On an unseasonably hot and sunny day in April, I stand in the aisle between two newly shaped beds of a Growing Together farmer. We’ve been spending the last two weeks attempting to till the soil, but have been successfully thwarted by erratic weather that left the earth too wet to till. On this day, we are met with a window of opportunity to finish turning the soil on the remaining beds of farmers. Thomas, a grower originally from Burma, appears in a dress shirt, slacks, and loafers. He hasn’t had time to till his plot as he was balancing a recent acceptance to attend school to learn to become an electrician, along with supporting his family. He explains his circumstance, then rolls up his sleeves and begins to use the tractor to finish tilling his plot, no time to be wasted getting changed.
I watch as he turns over the soil in the hot sun, and think of the other circumstances of the growers in our market garden, considering the complicated decisions and challenges these Growing Together farmers face. For some, this challenge may manifest in the difficulty of acquiring health insurance in an inaccessible system. For others, it may come in the form of taking a citizenship test. No matter the challenge, it always adds to the already great responsibility of being a farmer.
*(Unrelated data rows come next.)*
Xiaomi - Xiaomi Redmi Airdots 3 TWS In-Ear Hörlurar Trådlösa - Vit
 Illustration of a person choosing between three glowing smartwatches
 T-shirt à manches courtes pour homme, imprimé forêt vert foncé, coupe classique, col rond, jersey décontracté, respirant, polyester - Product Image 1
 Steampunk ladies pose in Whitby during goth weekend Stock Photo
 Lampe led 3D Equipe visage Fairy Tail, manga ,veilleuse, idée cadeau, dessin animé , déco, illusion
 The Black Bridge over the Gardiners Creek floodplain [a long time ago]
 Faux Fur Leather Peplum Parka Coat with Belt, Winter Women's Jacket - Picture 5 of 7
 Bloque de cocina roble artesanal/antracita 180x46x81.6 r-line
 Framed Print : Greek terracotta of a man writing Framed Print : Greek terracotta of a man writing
Farming is an art that inherently requires resilience. One must not only learn to be flexible, but also prepared, ready to consider factors ranging from seasonality to weather. However, the farmers of the Growing Together program demonstrate an unbelievable amount of resilience. Not only must they go through the complicated process of resettlement into a new country (a process that is continuous and ongoing), but they must also strike a delicate balance between their work and family life all the while maintaining a commitment to growing food in a new climate with differing conditions for farming.
The resiliency of the farmers in the Growing Together program has been made readily apparent in the three seasons of the program’s life.Three of the eight growers have been with the program since the beginning, but all of the farmers, regardless of the length of their participation, have shared their personal growth and important life events with the program. We have watched growers celebrate new accomplishments, acquire new jobs, have children, and mourn the passing of a close family member. In my time with the Growing Together program, I’ve learned that while there is a commitment to growing greens or chilies or market skills, there is a greater commitment to growing a community, one that is filled with strength, support, and the perseverance to foster growth. Even when it requires tilling in loafers.